**What to produce**.
With pictures left out, retype exactly the lines from the one containing "синтетический гашиш Ельня" through the final line of the entries.

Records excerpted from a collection

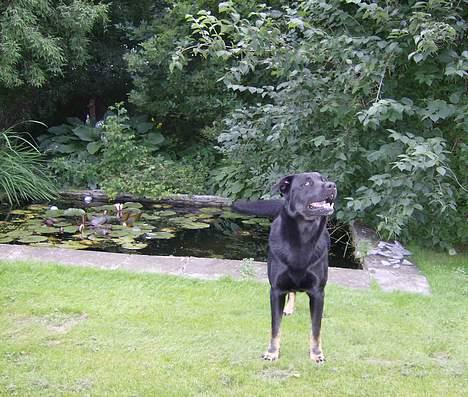 Blanding af racer Batmand - Gi mig gi mig gi mig! billede 2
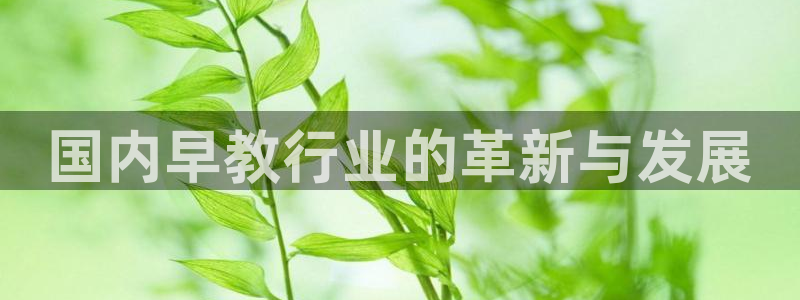 恒行娱乐掏沂74ooo5弛：国内早教行业的革新与发展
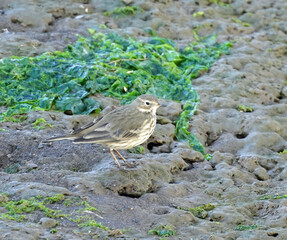 American pipit  in migration on mudflats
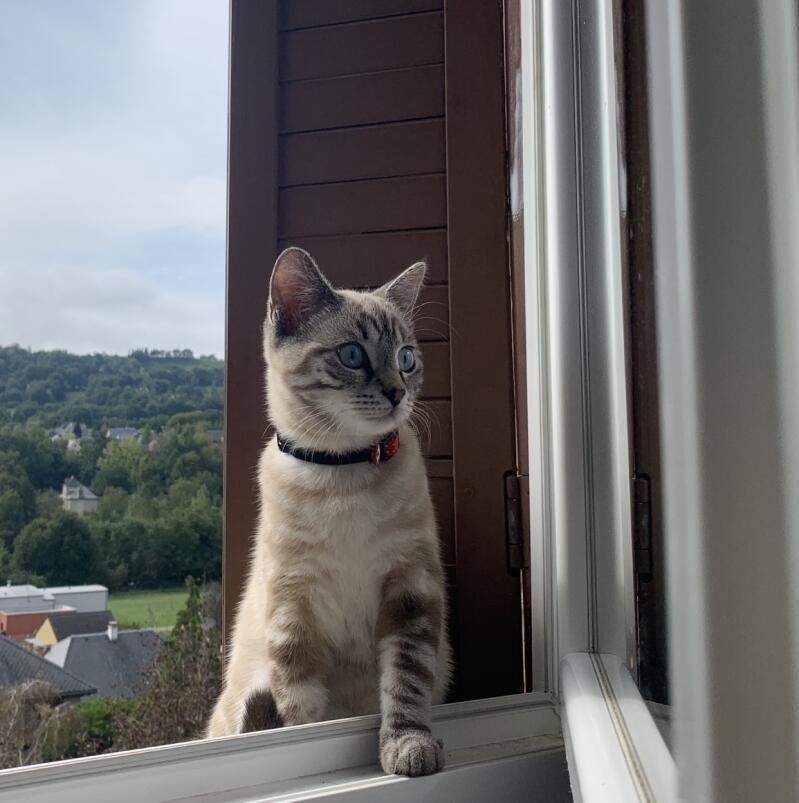 Siamese Tabby Pointed Cats Breed Information Omlet Siamese Tabby Pointed Cats Breed Information Omlet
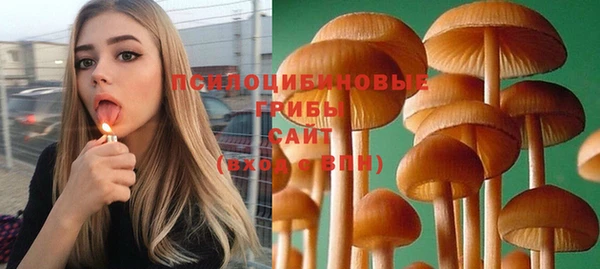 синтетический гашиш Ельня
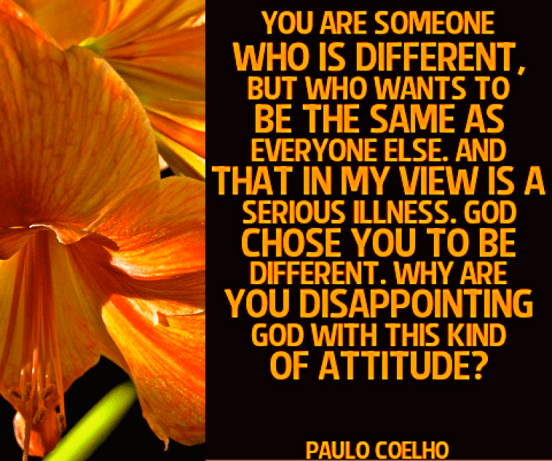 Screen Shot 2017-11-26 at 10.56.10 PM.png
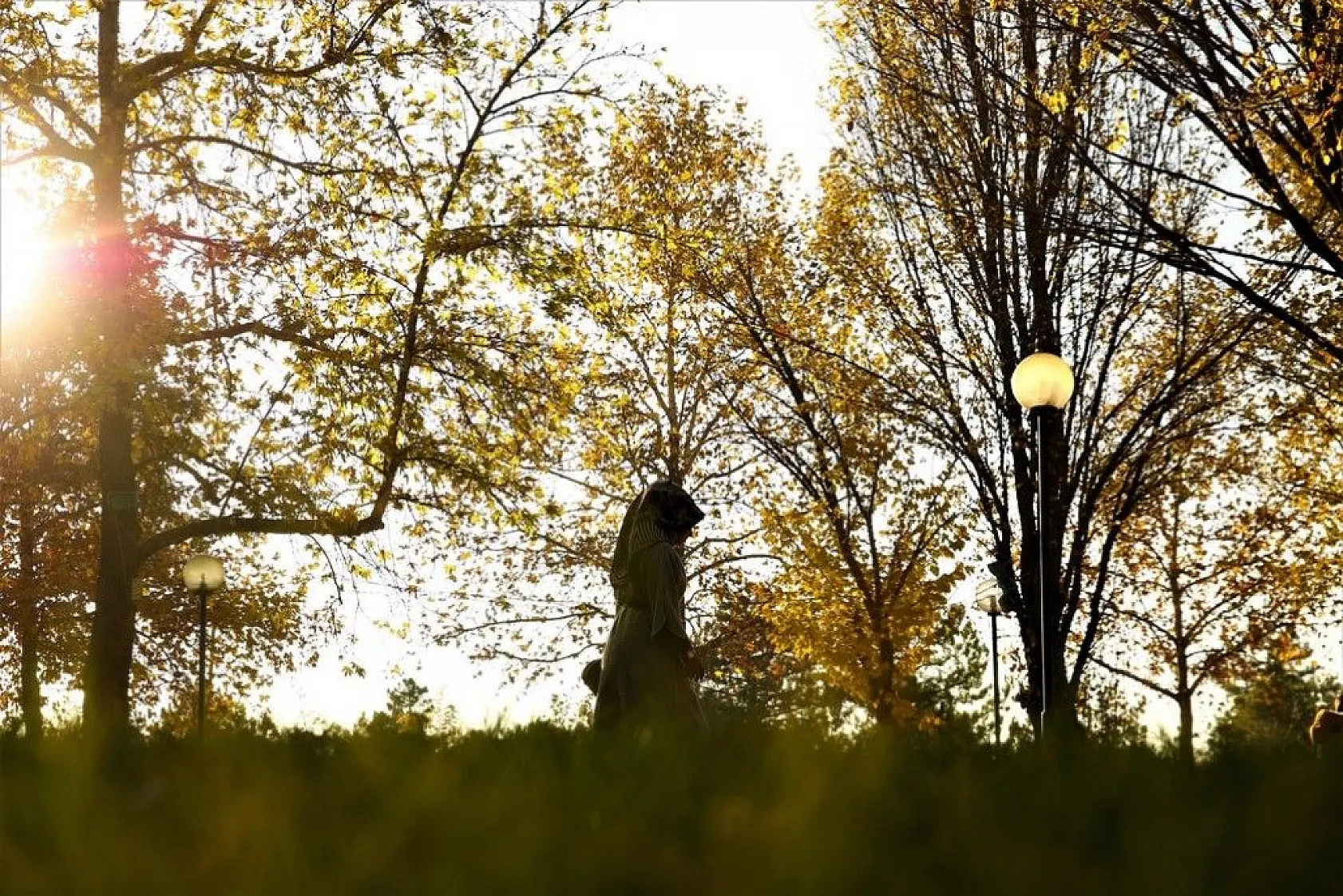 Elazığ'da sonbahar renkleri görsel şölen sunuyor
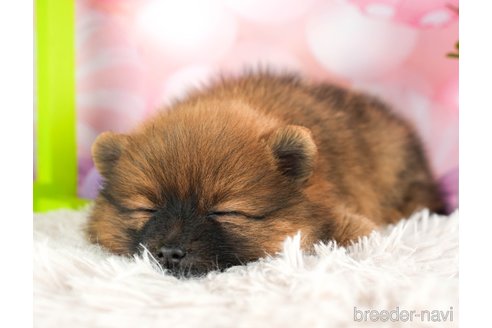 成約済の千葉県のポメラニアン-294209の3枚目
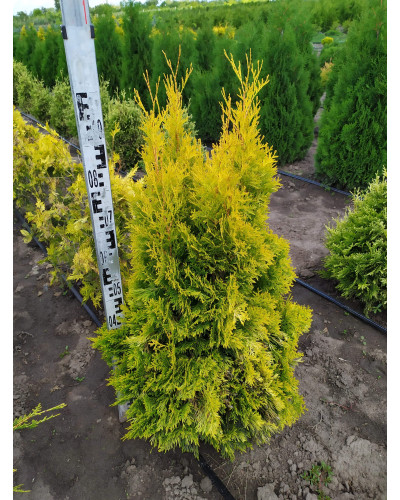 Туя західна Янтар ® | Туя западная Янтарь ® | Thuja occidentalis Jantar ®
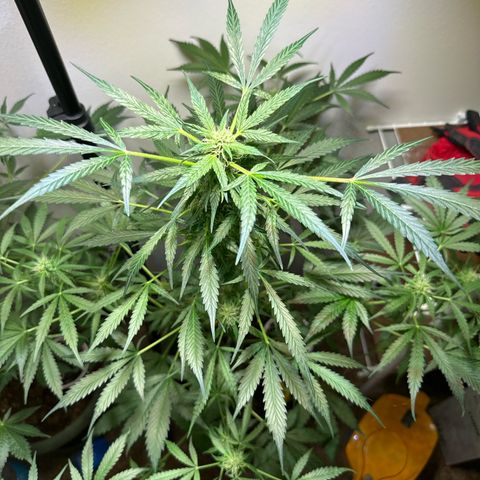 White Widow Automatic growlog timeline photo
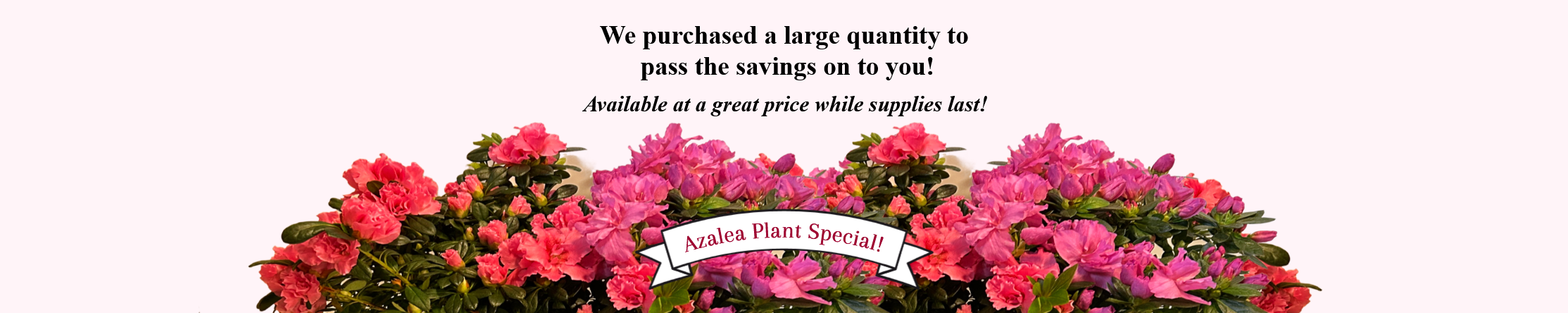azalea banner azalea special smyrna ga(1).png
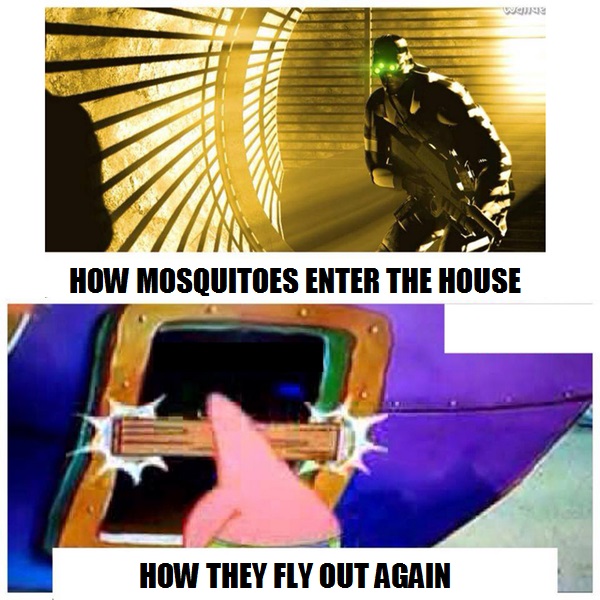 scumbag mosquito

**Written solution**.
 синтетический гашиш Ельня
 Screen Shot 2017-11-26 at 10.56.10 PM.png
 Elazığ'da sonbahar renkleri görsel şölen sunuyor
 成約済の千葉県のポメラニアン-294209の3枚目
 Туя західна Янтар ® | Туя западная Янтарь ® | Thuja occidentalis Jantar ®
 White Widow Automatic growlog timeline photo
azalea banner azalea special smyrna ga(1).png
 scumbag mosquito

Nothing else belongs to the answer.